Goal of the exercise:
In the material below, the lines from the one containing "Hektor zorro dogsavior 1" through the one containing "Rot-crested Tafelenten (Netta" are to be given again exactly, ends included, and no others.

Data records:
'''

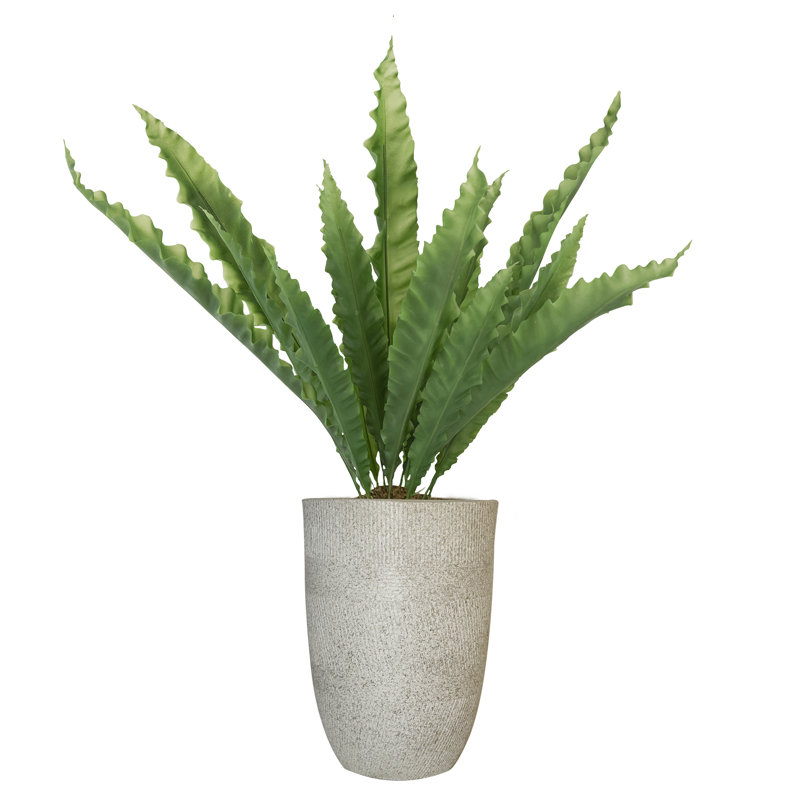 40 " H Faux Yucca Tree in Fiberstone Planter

'''
'''

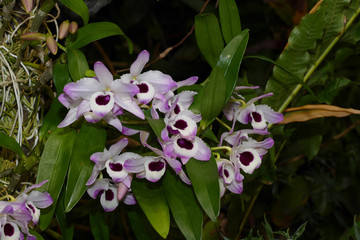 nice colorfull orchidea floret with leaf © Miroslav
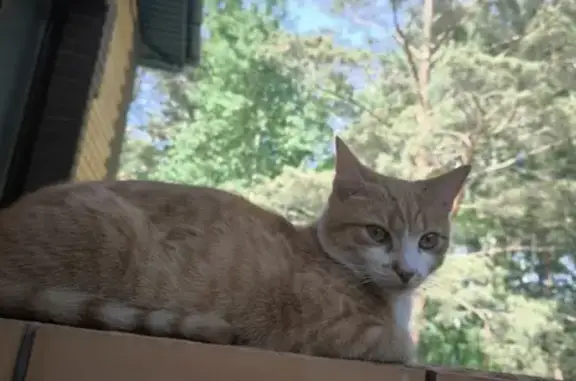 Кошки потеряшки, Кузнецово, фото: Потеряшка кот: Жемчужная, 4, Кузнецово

'''
'''

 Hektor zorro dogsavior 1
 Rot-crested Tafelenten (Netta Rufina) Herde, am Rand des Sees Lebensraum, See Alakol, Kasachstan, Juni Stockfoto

'''

Answer:
 Hektor zorro dogsavior 1
 Rot-crested Tafelenten (Netta Rufina) Herde, am Rand des Sees Lebensraum, See Alakol, Kasachstan, Juni Stockfoto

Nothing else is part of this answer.